Density of states = V_k / V_states in 3-dimension. Here the problem is in 1-dimension. So density of states will be ratio of lengths,
Density of states (1D)= K_F / (2π/a) ×2 = 1/3
2 is for electron degeneracy accounting spins and length in 1D K-space is from -π/a to +π/a (as given in the problem |ka|≤π).
Hence, K_F a = π/3. This gives Fermi energy, ε_{(kF )} = ε₀ / 4 .

 

[Fred Wright]

Another approach is to look for $k_F$. If the number of electrons per atom in the conduction band is 1/3, then this implies a hole in the reciprocal lattice every third site at 0 Kelvin.

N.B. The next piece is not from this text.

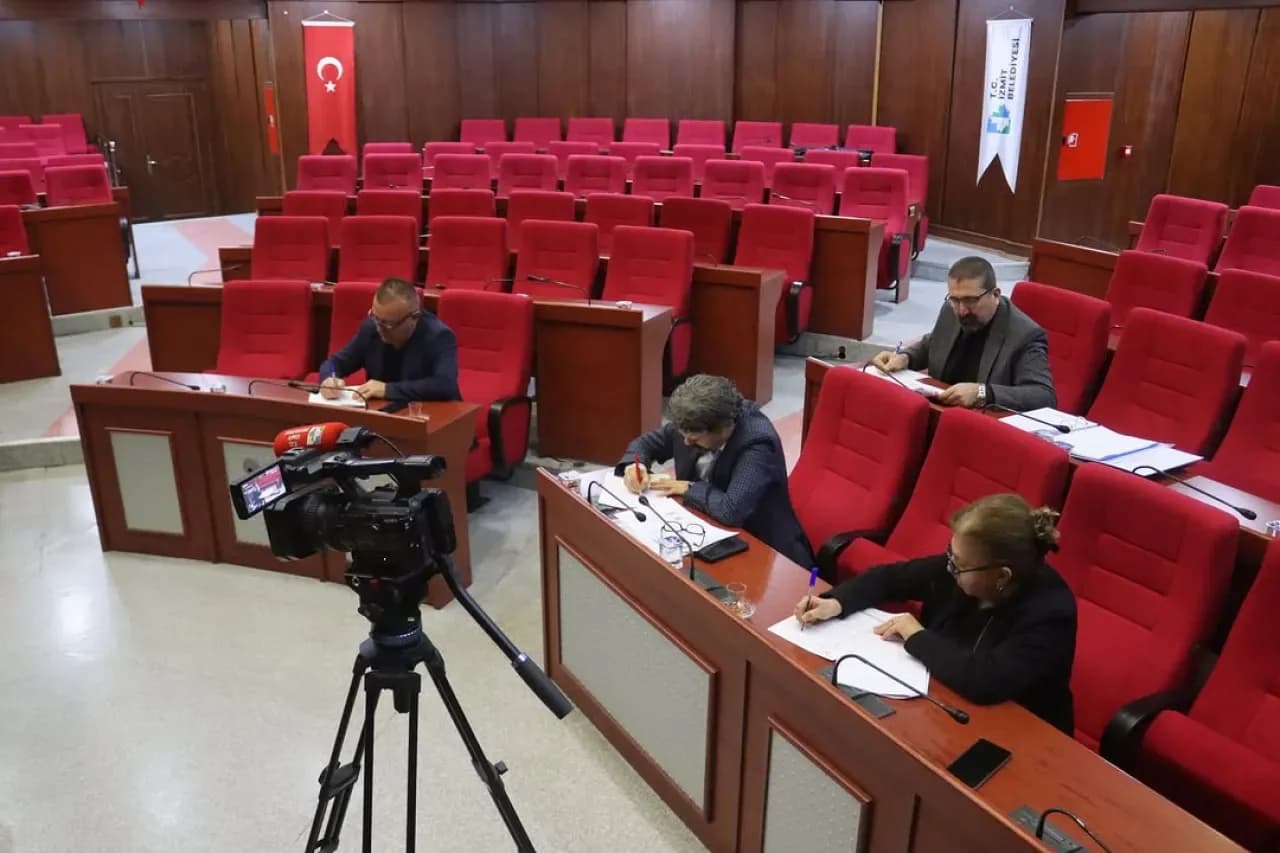 İzmit'te Kadın Temizlik Timi İçin İstihdam Seferberliği: Mülakatlar Tamamlandı İzmit'te Kadın Temizlik Timi İçin İstihdam Seferberliği: Mülakatlar Tamamlandı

The Fermi momentum is associated with the shortest wave length commiserate with the periodicity of the hole distribution in the lattice.
$k_F = \frac {2\pi} {\lambda_F} = \frac {2\pi} {3a}$
$\epsilon_F = 2\epsilon_0[sin^2(\frac {k_Fa} {2}) - \frac {1} {6}sin^2(k_Fa)] = 2\epsilon_0[ \frac {1} {4} - \frac {1} {6}\frac {3} {4}] = \frac {\epsilon_0} {4}$